Jan. 11, 1932 · Arkansas Supreme Court
184 Ark. 1107

Swaim v. State.

Opinion delivered January 11, 1932.

Reed & Beard, for appellant.

O. E.- Williams and Joe P. Melton, for appellee.

¡MoHaney, J.

The only question presented by this appeal is the constitutionality of our bastardy statute, §§ 772-785, Crawford & Moses’ Digest, as amended by act 111 of the Acts of 1927. It is argued that this statute is unconstitutional, for the reason that it denies the right of trial by a jury on the question of the amount to be adjudged against the putative father for lying-in expenses of the mother and the monthly sum to be paid for the support of the child. Section 776 provides that, if the accused denies being the father of the child and demands a .jury, one shall be impaneled to try this issue. In this case a .jury was demanded and a trial resulted in a verdict against appellant, that is, that he is the father of the child. Thereupon the court entered judgment against him for $40 lying-in expenses and $5 per month from the date of birth of the child until it shall be 14 *1108years old, although the act of 1927 provides for a minimum of $10 per month.

We think appellant’s contention untenable. This is an old statute, enacted in 1875 (Acts 1875, No. 24), and slightly amended in 1879' (Acts 1879, No. 72) and in 1927 (Acts 1925, No. 111).

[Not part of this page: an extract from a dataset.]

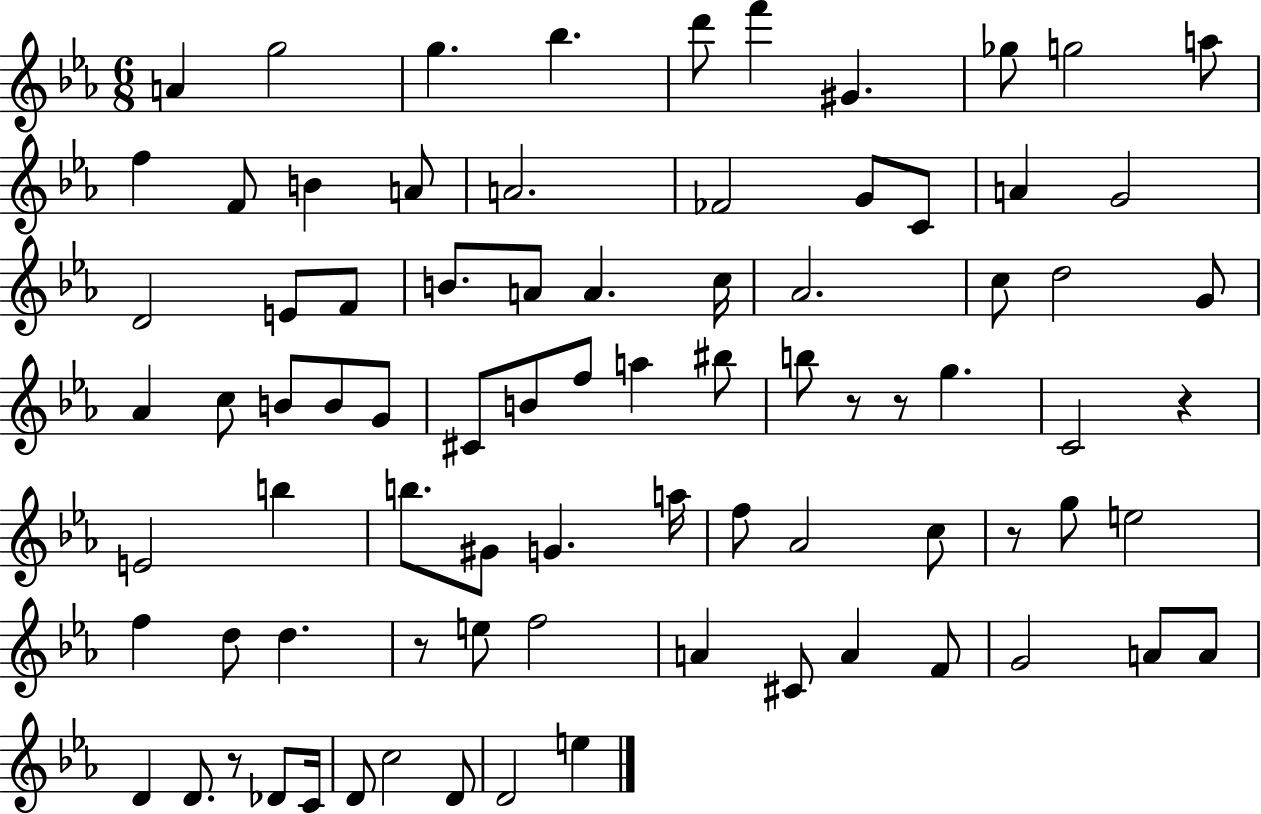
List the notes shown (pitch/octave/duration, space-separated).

A4/q G5/h G5/q. Bb5/q. D6/e F6/q G#4/q. Gb5/e G5/h A5/e F5/q F4/e B4/q A4/e A4/h. FES4/h G4/e C4/e A4/q G4/h D4/h E4/e F4/e B4/e. A4/e A4/q. C5/s Ab4/h. C5/e D5/h G4/e Ab4/q C5/e B4/e B4/e G4/e C#4/e B4/e F5/e A5/q BIS5/e B5/e R/e R/e G5/q. C4/h R/q E4/h B5/q B5/e. G#4/e G4/q. A5/s F5/e Ab4/h C5/e R/e G5/e E5/h F5/q D5/e D5/q. R/e E5/e F5/h A4/q C#4/e A4/q F4/e G4/h A4/e A4/e D4/q D4/e. R/e Db4/e C4/s D4/e C5/h D4/e D4/h E5/q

Many cases have been prosecuted under it and its validity inferentially sustained in many cases. It should not therefore be held invalid except for very cogent reasons and on the attack of one injuriously affected thereby.

The act of 1927 provides for judgment against the putative father for a minimum of $25 for lying-in expenses and $10 per month for the support of the child. Since the court rendered judgment on the verdict of the jury, finding appellant to be the father, for $40 for lying-in expenses and only $5 per month, it is difficult to perceive how appellant has been injuriously affected by the judgment, as a jury could not have found less than the minimum fixed by statute. He is therefore in no position to question the validity of the statute on the ground mentioned, that is, that it does not provide for a jury to fix the amount to be paid.

What we have said makes it unnecessary to determine the constitutionality of the statute, although we have no doubt as to its validity. The circuit court sustained a demurrer to the petition for certiorari to the county court and dismissed it. That judgment is correct, and is accordingly affirmed.